Please give back, word for word, each line from the start of the entries through the one in which "01.05.2022 Meijer ad 20. page" is found.

Brief descriptive captions:
┄┄┄┄┄┄

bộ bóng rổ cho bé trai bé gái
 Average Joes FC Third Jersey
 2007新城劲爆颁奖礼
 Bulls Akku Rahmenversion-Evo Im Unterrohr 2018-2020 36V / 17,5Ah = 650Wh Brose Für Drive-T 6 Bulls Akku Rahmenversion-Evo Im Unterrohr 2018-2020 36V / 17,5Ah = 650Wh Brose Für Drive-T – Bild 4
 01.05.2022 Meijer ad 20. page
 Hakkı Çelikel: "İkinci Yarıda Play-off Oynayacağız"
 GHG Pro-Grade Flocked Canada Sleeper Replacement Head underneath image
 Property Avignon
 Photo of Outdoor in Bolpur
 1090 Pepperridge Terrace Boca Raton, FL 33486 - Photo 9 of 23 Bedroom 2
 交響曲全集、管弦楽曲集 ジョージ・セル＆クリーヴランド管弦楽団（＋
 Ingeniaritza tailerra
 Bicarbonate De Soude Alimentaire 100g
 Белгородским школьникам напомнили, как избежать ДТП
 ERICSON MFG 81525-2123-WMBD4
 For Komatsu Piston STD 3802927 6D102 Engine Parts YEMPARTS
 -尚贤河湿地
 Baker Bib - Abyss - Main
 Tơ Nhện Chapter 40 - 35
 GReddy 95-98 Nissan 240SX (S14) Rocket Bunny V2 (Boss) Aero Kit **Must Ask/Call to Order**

┄┄┄┄┄┄

SOLUTION TO THE PROBLEM:
bộ bóng rổ cho bé trai bé gái
 Average Joes FC Third Jersey
 2007新城劲爆颁奖礼
 Bulls Akku Rahmenversion-Evo Im Unterrohr 2018-2020 36V / 17,5Ah = 650Wh Brose Für Drive-T 6 Bulls Akku Rahmenversion-Evo Im Unterrohr 2018-2020 36V / 17,5Ah = 650Wh Brose Für Drive-T – Bild 4
 01.05.2022 Meijer ad 20. page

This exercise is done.